I would have thought that when the bowlers, presumably against the team management's gameplan, pitched short in Toronto, they would have been hauled up right then. Which should have guarded against a recurrence. Further, I would presume, too, that when a captain on the field of play sees his bowlers giving it away, he will march right up and go, hey, what the hell!

Am I being naive, here?

These are just two problems that affect this team -- the lack of a settled opening pair, and this trend of bowlers apparently going into a game without any kind of prior planning, and winging it on little or no instruction.

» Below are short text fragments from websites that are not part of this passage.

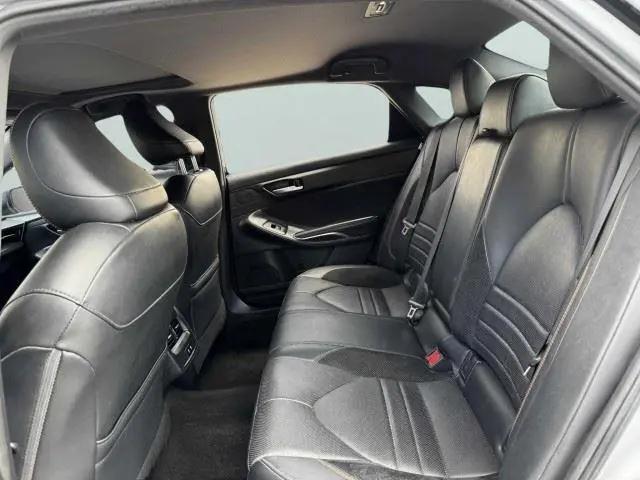 2019 Toyota Avalon XLE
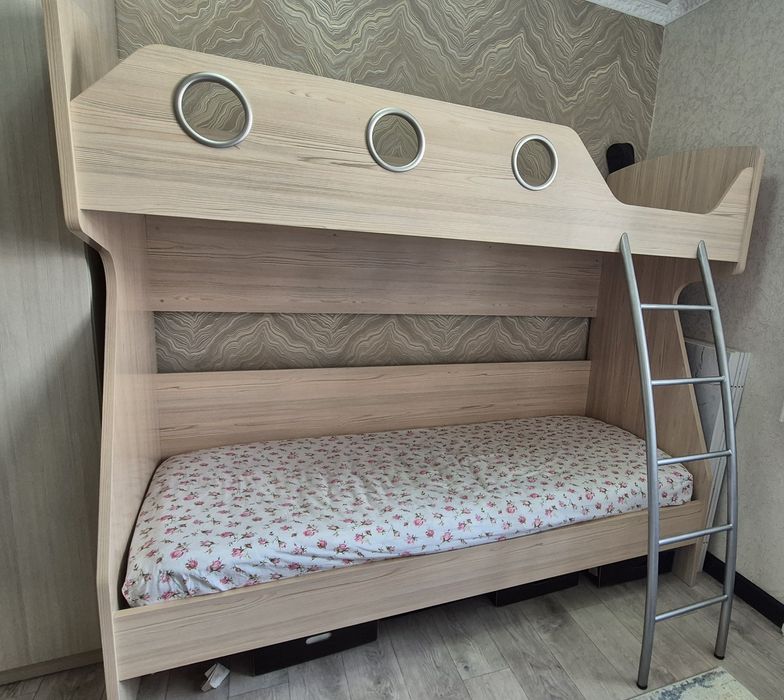 Продам двухярусную кровать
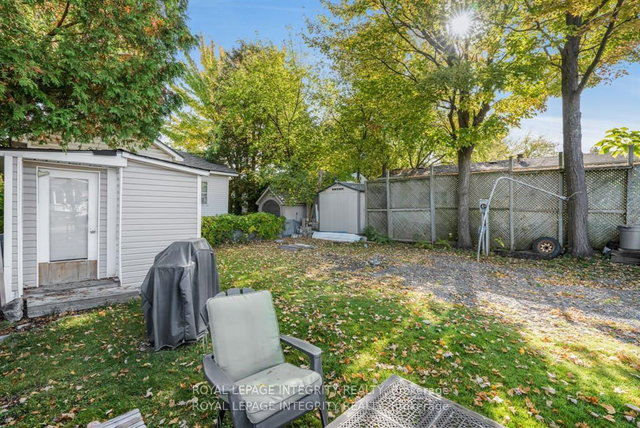 33 - 3535 St. Joseph Boulevard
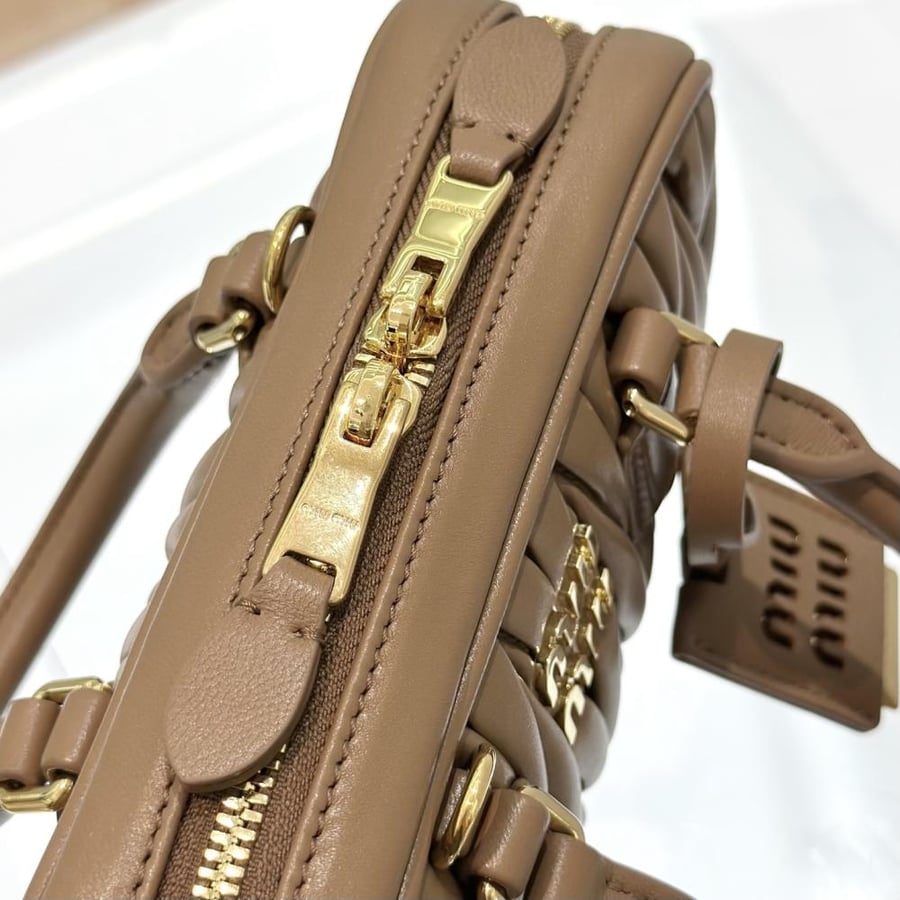 شنطة ميو ميو Mini Ruched Bowling Miumiu مقاس 19 cm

Add to that our inability to get out of the ODI mindset; the board's downright reluctance to balance the number of Tests and ODIs India figures in; and the apparent inability of any Indian side, in either form of the game, to expend some energy when fielding (just as with the earlier ODIs, this Test too saw its share of dropped catches), and you have to reckon that in that post-Test media briefing, Azhar got one thing right.

Remember what he said? "It was a collective failure, and it does not augur well for the team for the coming months."

The coming months bring the Dhaka knockout tournament. And another Sharjah extravaganza. But it also brings a Test series -- again, abroad -- against New Zealand.

I would think that if we are not to have a repeat of this post-Test media briefing, the Indian management would need to get its collective head working, and that right now.

Tailpiece: During our pre-match analysis, we had made a mention of the danger an irregular opening pair poses. We had mentioned, too, the unwisdom of taking Robin Singh in the side presumably to strengthen 'both the batting and the bowling.

I was frankly unprepared for some of the mails I got in response.

One, from an avid Robin Singh fan, said that I suffered from Bombay bias, and that I was prejudiced against him. The funniest bit about this is that last Thursday, on chat, someone asked about Amol Majumdar and when I said that in my view he didn't have what it takes to force his way into this team, my questioner suggested I suffered from south bias!

The truth is that far from being prejudiced against Robin, I tend to sympathise with the guy -- nine years in the wilderness, and a call up for national duty after your best cricketing years are behind you, is enough to sour any man. And yet Robin has cheerfully responded to the call, and performed to expectation and often beyond, in the one day arena.

But how does that translate into a Test call-up, after you have built him into a one day specialist? As it turned out, his batting remained in the one day mould, and as for bowling, he didn't turn his arm over enough to fit into the all-rounder mould, right?

As to the unwisdom of a regular opening pair, the scoreboard speaks for itself: 1/2 in the first innings, 1/3 in the second. And both openers back in the hut before the new ball bowlers had properly warmed up, both times.

This underlines a point I've been meaning to make. Often, readers write in saying hey, you know, your problem is too much bile stored in your system, you keep carping, even when the team is doing well, you have something critical to say.

True. Even when the team was doing well at home, we did point out, time and again, the unwisdom of using Mongia as a stop-gap opener. We did say it was time for India to find, and mould, a regular pair of capable openers who would do duty both home and away. But the trouble is, when the results are good, irrespective of where they are obtained, no one wants to hear bad news.

Ostriches have become legendary for just that kind of mindset.

Ostriches don't win cricket matches, though.